Row covers can stop crop damage from Mexican bean beetles, cabbageworms, cabbage maggots, carrot weevils, Colorado potato beetles, cucumber beetles, flea beetles, leafhoppers, leafminers, squash bugs, squash vine borers and other pests.  For row covers to be effective, crop rotation is important. Many insect pests and their eggs over-winter in the soil to emerge in the spring and early summer.  If you plant the same crop in the same space for two successive years the insects will emerge under the row cover and will quickly decimate your crop.  If you use row covers, remember to remove them from plants that require pollination at least one week before the plants bloom OR hand pollinate.  Several websites are advertising the sale of row covers.  Prices and sizes vary.  For example, one site has super-light cloth measuring 8 ft x 20 ft for $8.95 and another size 8 ft x 96 ft for 24.95.

Organic Pest Control

Because some pests have not been controlled for many years at the Anderson site, the use of row covers in 2008 is strongly recommended and the row covers may need to be supplemented with organic pest control methods.  Before applying pesticides, gardeners should be aware that even organic pesticides can harm beneficial insects.  To properly control an insect pest it is therefore important to first identify it and then target it with as little secondary damage as possible. 

Colorado Potato Beetle

The Colorado potato beetle attacks all plants in the Solanaceae family, i.e. potatoes, tomatoes, eggplant and peppers.  Cucumber beetles attack all plants in the Cucurbitaceae family, i.e. cucumber, summer squash, winter squash, pumpkins, gourds and melons. These plants make up a large portion of our gardens and an effort should be made in 2008 to control these beetles.  This beetle over-winters in the soil and emerges in the spring to feed on young plants.  Both the adult and larvae chew leaves of all Solanaceae family plants and this can greatly reduce the yield.  The following organic methods can be used to control this beetle.
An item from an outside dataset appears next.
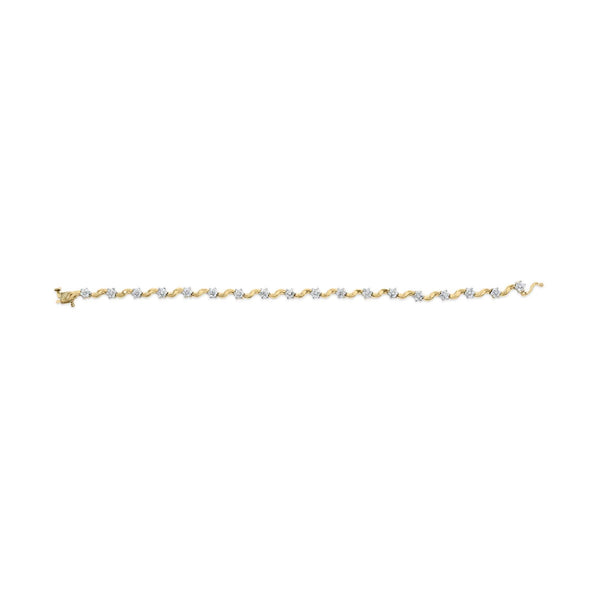 10k Yellow Gold 1.00 Cttw Round-Cut Diamond Floral S-Link 7.50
- If the gardener goes to the plot regularly (every two to three days) one of the best methods of control is to hand pick this beetle and destroy it as well as its bright yellow coloured eggs which can be found in clusters on the underside of leaves. 
- Another effective control is to apply thick straw mulch.  This helps break the path used by larvae to go to the soil to pupate.  It also helps isolate the plant so that the insect cannot move as easily from plant to plant.
- Floating row covers can be used until mid-season if plant rotation is practiced.  If these methods fail, the following organic insecticides can be used in organic gardens.
- Pyrethrin is an effective control but be aware that this insecticide will kill lady beetles.
- BTSD (Bacillus thuringiensis San Diego) BT is a microbial biological control pesticide but it may infect butterfly larvae.

Striped Cucumber Beetle

This beetle attacks mostly plants in the Cucurbitaceae family but can also feed on beans, corn and peas.  It swarms on seedlings often killing the plant.  It also attacks stems and flowers of older plants and eats holes in the fruit.  It transmits wilt and mosaic viruses.  As well, the larvae feed on roots of squash family plants killing or stunting the plants.  Adults overwinter in the soil emerging in April to early June.  They lay their eggs in the soil at the base of plants.  The following organic methods can be used to control this beetle.
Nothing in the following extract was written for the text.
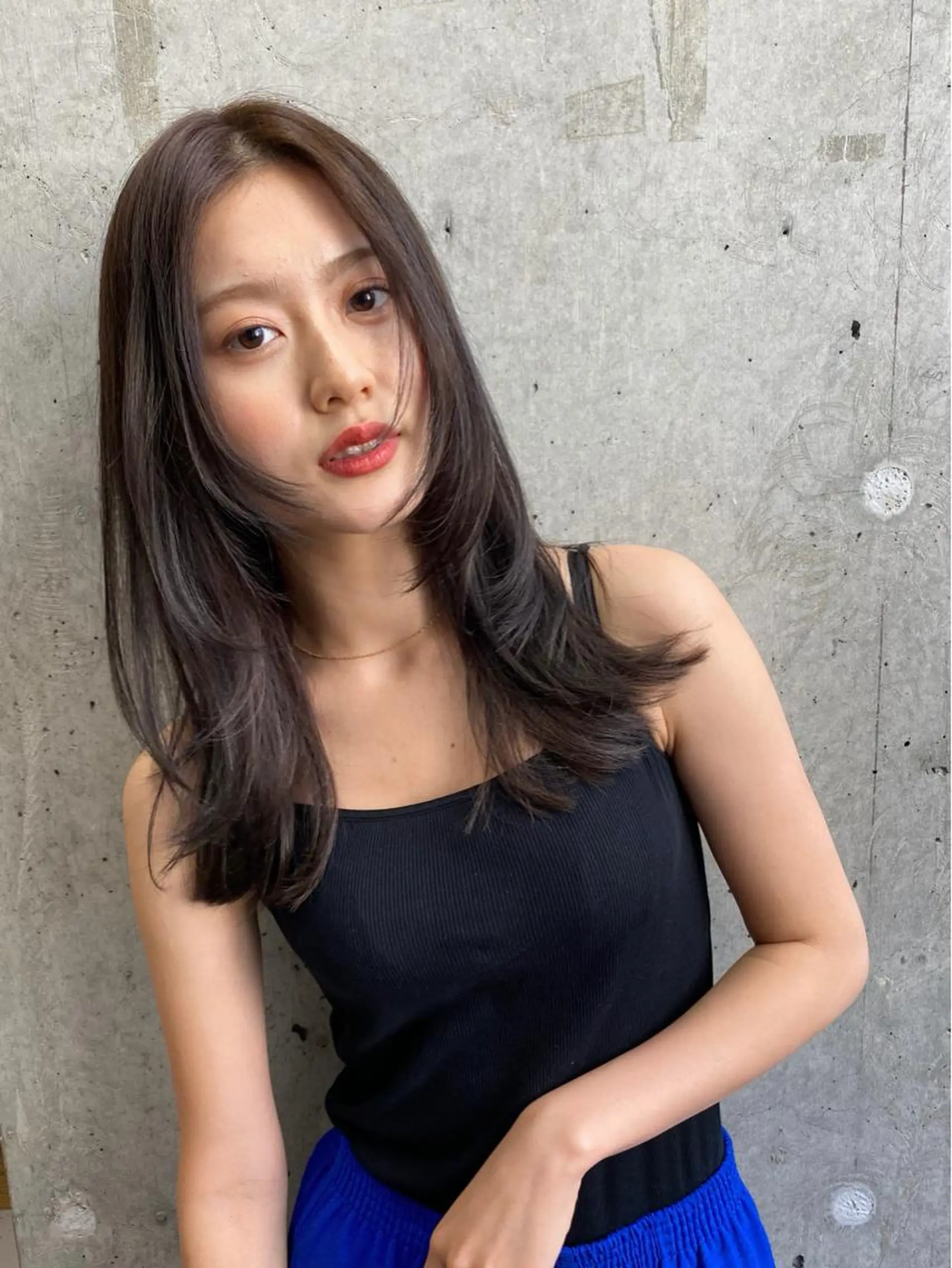 セミロング カラー 小顔カット カット Pia ツボイ ケイタのヘアスタイル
- Row covers should be the first line of defence but for this to be effective, rotation planting must be practiced.  If you do use row covers, the Cucurbitaceae family plants will have to be hand pollinated.  Or remove the cloth one week before the plants bloom and control by spraying the beetles with Pyrethrin when it is seen feeding on pollen in flowers.  Pyrethrin will not kill bees.
- Apply thick straw mulch around the base of the plants to prevent the beetles from moving from plant to plant.  This helps to isolate the pest.